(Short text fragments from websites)
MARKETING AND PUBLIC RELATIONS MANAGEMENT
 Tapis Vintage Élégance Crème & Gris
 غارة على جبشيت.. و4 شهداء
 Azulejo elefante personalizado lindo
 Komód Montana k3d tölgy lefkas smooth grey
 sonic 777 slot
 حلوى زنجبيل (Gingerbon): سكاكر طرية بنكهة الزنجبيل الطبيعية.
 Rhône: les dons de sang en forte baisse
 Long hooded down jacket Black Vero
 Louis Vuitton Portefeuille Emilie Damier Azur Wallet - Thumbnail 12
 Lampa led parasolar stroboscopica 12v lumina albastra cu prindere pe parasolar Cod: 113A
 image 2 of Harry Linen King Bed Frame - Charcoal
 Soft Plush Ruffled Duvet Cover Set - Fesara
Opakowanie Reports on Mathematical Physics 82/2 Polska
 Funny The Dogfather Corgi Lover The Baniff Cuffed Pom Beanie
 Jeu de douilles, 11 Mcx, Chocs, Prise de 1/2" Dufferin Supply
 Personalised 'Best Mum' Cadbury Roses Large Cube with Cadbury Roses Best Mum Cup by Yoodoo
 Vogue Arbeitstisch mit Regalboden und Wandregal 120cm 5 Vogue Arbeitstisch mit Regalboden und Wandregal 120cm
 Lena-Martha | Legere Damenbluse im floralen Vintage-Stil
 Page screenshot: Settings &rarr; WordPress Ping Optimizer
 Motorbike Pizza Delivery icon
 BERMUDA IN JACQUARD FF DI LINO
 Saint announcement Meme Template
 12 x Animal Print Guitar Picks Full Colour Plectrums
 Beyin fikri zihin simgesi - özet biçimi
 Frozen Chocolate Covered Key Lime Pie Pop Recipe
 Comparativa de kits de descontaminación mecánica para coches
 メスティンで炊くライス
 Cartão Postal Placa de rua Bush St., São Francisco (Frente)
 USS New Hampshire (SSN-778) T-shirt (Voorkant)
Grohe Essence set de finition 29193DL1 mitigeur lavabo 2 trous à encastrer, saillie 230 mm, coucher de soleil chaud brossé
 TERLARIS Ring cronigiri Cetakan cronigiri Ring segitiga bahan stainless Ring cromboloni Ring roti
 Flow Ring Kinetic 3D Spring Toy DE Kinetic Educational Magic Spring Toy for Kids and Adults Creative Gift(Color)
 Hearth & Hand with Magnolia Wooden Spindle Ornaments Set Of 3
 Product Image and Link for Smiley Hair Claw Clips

TRY IT:
Tell me how many lines of the records include the word "Vintage", replying with the number alone.

OUTPUT FOR THIS EXERCISE:
2